_ACTION ITEM_: Lift out all lines below that contain "view".

_DATA SUPPLIED_:

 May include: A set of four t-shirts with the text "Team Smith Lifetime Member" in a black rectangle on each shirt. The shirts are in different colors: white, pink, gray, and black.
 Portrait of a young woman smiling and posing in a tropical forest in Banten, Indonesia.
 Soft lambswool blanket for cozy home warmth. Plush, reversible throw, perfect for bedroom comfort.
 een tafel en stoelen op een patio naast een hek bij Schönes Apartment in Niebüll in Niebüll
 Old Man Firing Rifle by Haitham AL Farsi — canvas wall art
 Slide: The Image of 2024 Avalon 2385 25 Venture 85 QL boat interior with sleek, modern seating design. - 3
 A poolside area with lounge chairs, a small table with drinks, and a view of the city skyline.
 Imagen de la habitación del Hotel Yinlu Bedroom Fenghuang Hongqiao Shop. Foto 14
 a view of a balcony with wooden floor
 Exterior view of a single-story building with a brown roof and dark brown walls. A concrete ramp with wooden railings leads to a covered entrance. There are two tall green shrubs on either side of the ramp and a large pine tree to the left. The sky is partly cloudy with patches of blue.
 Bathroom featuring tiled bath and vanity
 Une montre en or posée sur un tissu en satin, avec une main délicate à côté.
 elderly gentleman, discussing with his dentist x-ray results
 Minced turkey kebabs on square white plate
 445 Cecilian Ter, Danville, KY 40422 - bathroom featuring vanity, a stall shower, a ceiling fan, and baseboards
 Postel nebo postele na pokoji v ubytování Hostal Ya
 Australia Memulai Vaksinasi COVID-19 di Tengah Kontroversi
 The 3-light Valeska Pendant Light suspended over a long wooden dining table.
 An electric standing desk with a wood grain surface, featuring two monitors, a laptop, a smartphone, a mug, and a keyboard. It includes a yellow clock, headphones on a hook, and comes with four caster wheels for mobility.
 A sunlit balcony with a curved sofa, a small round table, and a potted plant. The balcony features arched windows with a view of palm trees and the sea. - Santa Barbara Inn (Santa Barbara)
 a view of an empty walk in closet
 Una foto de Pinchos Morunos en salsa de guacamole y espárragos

_OUTPUT FOR THIS TASK_:
 A poolside area with lounge chairs, a small table with drinks, and a view of the city skyline.
 a view of a balcony with wooden floor
 Exterior view of a single-story building with a brown roof and dark brown walls. A concrete ramp with wooden railings leads to a covered entrance. There are two tall green shrubs on either side of the ramp and a large pine tree to the left. The sky is partly cloudy with patches of blue.
 A sunlit balcony with a curved sofa, a small round table, and a potted plant. The balcony features arched windows with a view of palm trees and the sea. - Santa Barbara Inn (Santa Barbara)
 a view of an empty walk in closet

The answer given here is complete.